Web page caption snippets:
▽

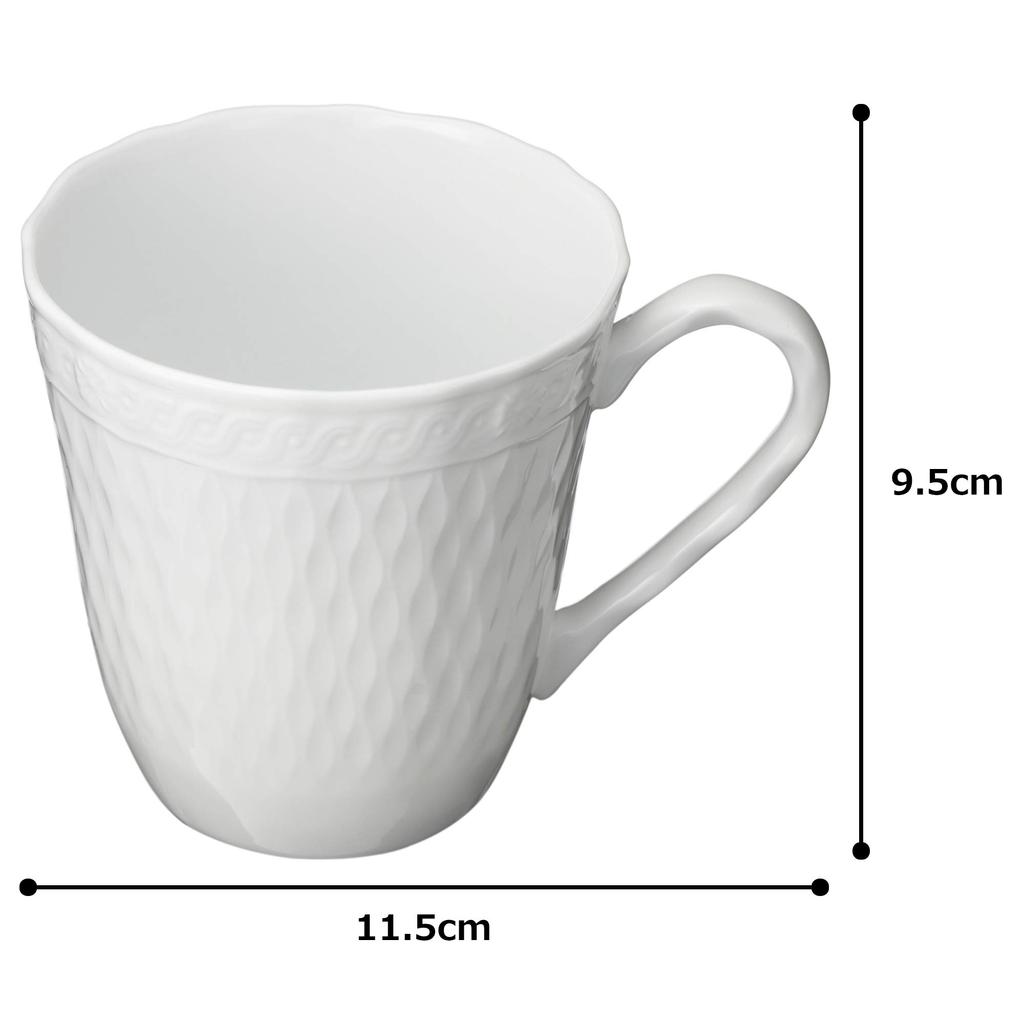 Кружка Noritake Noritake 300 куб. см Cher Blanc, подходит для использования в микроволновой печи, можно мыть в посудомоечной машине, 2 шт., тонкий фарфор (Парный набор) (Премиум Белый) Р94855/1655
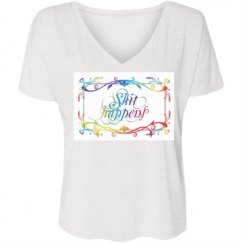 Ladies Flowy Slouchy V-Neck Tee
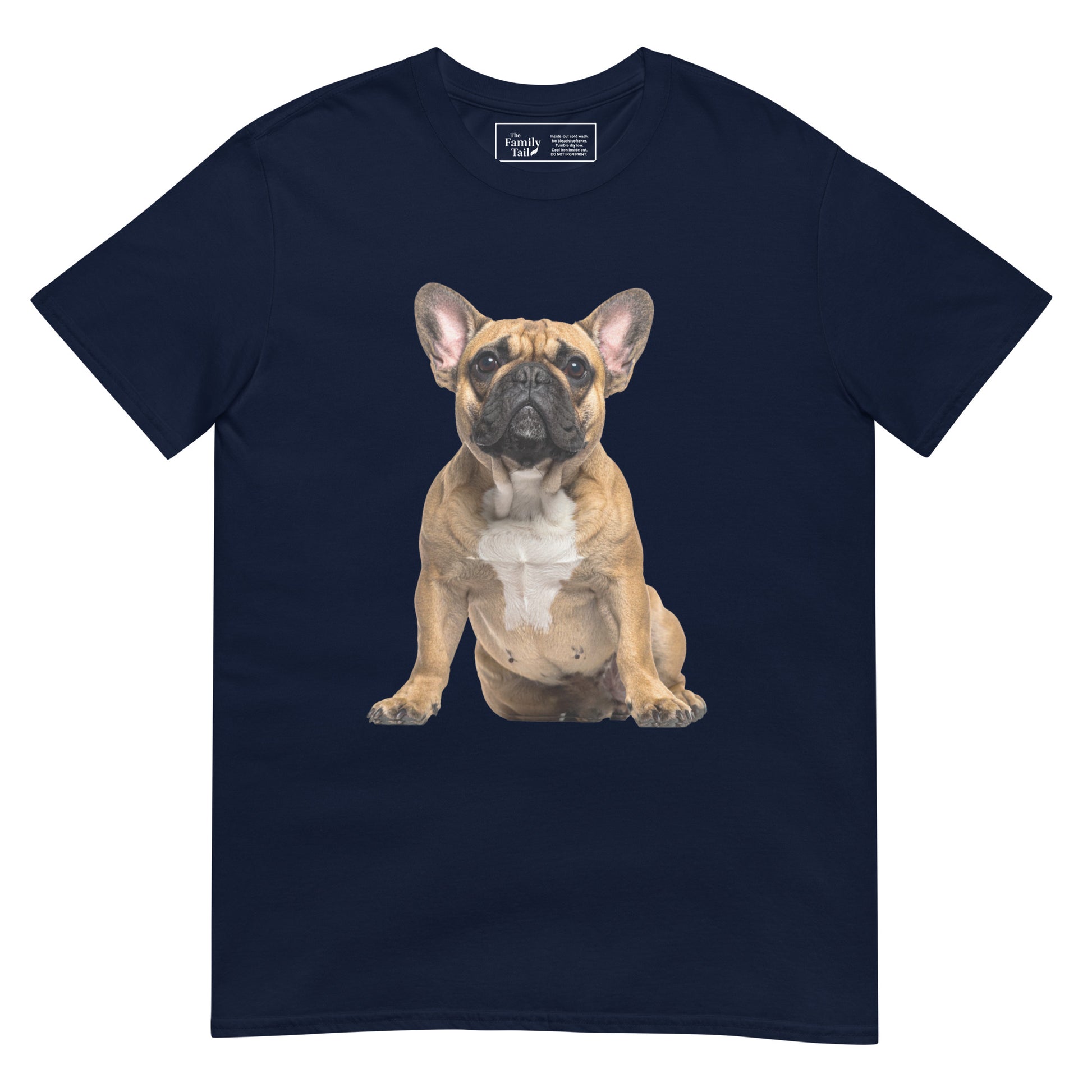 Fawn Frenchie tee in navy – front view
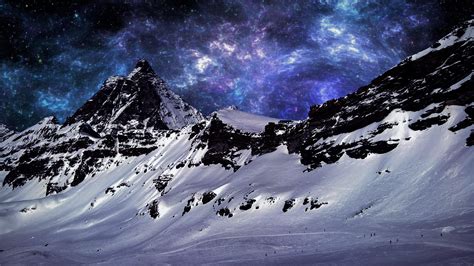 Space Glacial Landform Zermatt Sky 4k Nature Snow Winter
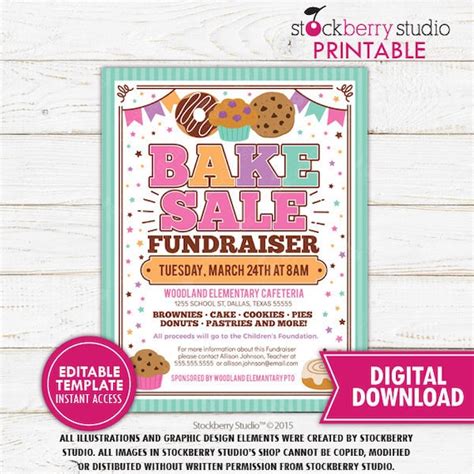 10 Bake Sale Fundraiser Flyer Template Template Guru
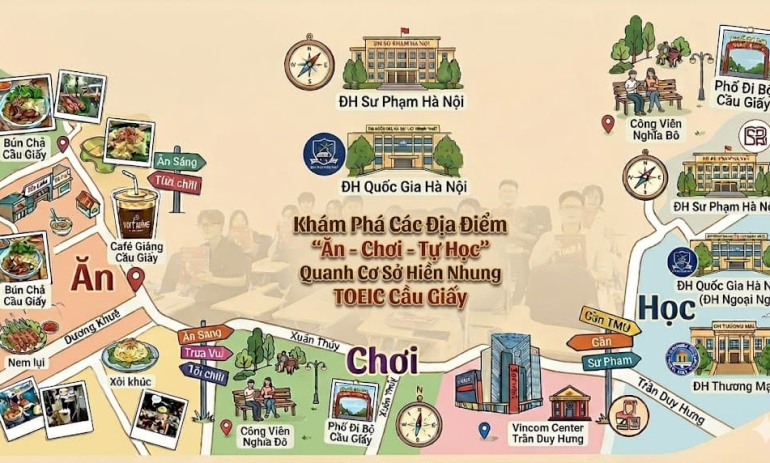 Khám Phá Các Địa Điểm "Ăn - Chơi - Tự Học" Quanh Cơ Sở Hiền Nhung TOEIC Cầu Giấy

△

### What you need to do
With the pictures left out, output the lines from the one containing "10 Bake Sale" through the last line of the records above, exactly as they are.

### Solution to the exercise
 10 Bake Sale Fundraiser Flyer Template Template Guru
 Khám Phá Các Địa Điểm "Ăn - Chơi - Tự Học" Quanh Cơ Sở Hiền Nhung TOEIC Cầu Giấy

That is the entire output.